PÚBLICO -04/09/2009-pag.36



“É uma questão estrutural na área específica da finalização”.

Com esta frase, racional e racionalizante, está-se a falar de quê? Do acabamento, na produção de panelas de pressão? De um supermercado e da importância das(os) operadoras(es) caixa?.

Nada disso. É o seleccionador nacional de futebol, corroborado pelo presidente da FPF, a propósito da contratação de (mais) um estrangeiro, Liedson, para a selecção portuguesa de futebol. Com o que, indo directo ao assunto, estou em desacordo.

Não por azedume pseudo “intelectual” contra o futebol, de que sou adepto. Muito menos por qualquer facciosismo clubístico.
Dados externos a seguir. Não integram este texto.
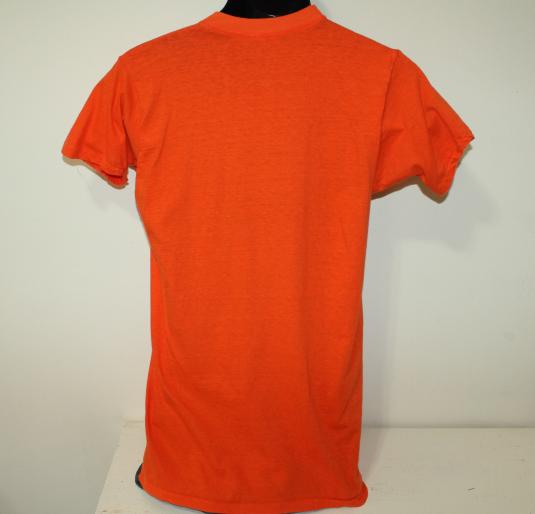 Love female male 70s hippie vintage orange t-shirt Tall XS/S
Respeito muito e, por princípio, considero benvindos todos os imigrantes (e muito especialmente os brasileiros). Neste aspecto, a minha posição resumiu-a já Mia Couto: se um país tem muitos homens, um homem tem muitos países. Só que – salta aos olhos, pelo tempo e modo como foram feitas – esta e outras contratações para a selecção não se integram no conceito humano, social, ideológico, de imigração. O que lhe subjaz é, apenas, a mercantilização que do (no) futebol impera, os interesses dos milhões que aí estão implicados.

Houveram, claro, as convenientes “naturalizações” (ou “aquisições de nacionalidade”). Mas, neste campo, o que, para mim, caracteriza o “nacional” das selecções não é a legalidade da “aquisição” da nacionalidade mas a genuinidade desta.

E quanto à racionalização produtivista, mercantil e tecnocrata destas situações, ainda para mais num campo tão pouco racional como este é, até o principal mentor teórico da “racionalidade” reconheceu os absurdos onde nos podem levar os seus excessos.

Por exemplo, ao absurdo contraste entre este tipo de contratações e as bandeirinhas nacionais “de” Scolari.

Ou ao de uma selecção “nacional” de onze (ou mais) não nacionais, ainda que com “nacionalidade adquirida”.

Ou, ainda, ao de vermos brasileiros constrangidos a cantarem “(...) contra os canhões, marchar, marchar”, quando o que para eles (e nós) é natural é que cantem ”(...) pátria amada, Brasil!”.

E tudo porque só foram contratados para a selecção para, pelos milhões, chutar, chutar!.